Giving talks is awesome, but it takes work to give a talk. According to my time-tracking app, I spent about 22 hours on my latest talk, for the Part III Seminar Series, including the time it took me to read the relevant papers. So if you’re going to give a talk, I think it’s worth a bit of extra effort to make it great.

That said, I think the most important advice is to actually give a talk. So don’t fall into the trap of trying to make it perfect. If, like I am, you are really bad with this, I’d suggest to start to preparing your talk close to the day you’ll give it. This sets a bound on how much time you’ll spend with irrelevant details. Remember disminishing returns.

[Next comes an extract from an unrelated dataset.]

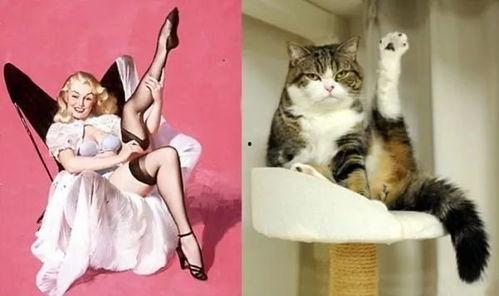 某女子吃猫视频被爆料,引发社会广泛关注与谴责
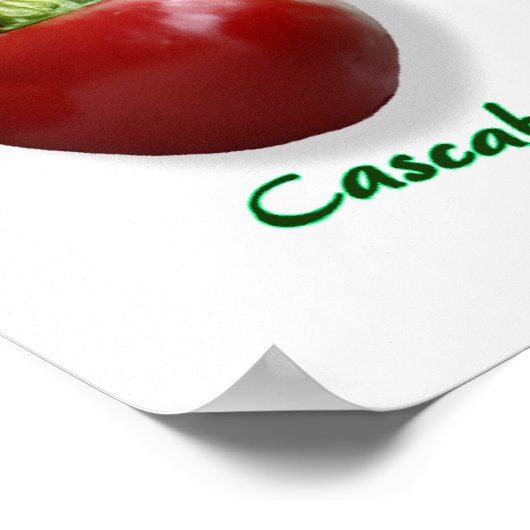 Chili Pepper Varieties Poster (Hoek)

Further, it takes a lot of courage to sign up to give a talk. You might think you’ll make mistakes or that you are not qualified enough for it. But student talks (the maths, physics, and bio societies at Cambridge run series of student talks last summer) are exactly to avoid this. The audience will be mostly students, and they’re not there to judge you: they’ve come to your talk because they’re interested on the topic (and want to learn from you about it!). Most of them will not have had the willpower to sign up to give a talk, so they are nobody to judge you. And those who have given other talks know how nerve-wracking it can be, so they perfectly understand you. So I want to encourage everyone reading this to give a talk. I think it’s a very efficient use of your time. You’ll feel glad after you’ve done it, and it’s a lot of fun. Believe me, it even gets addictive.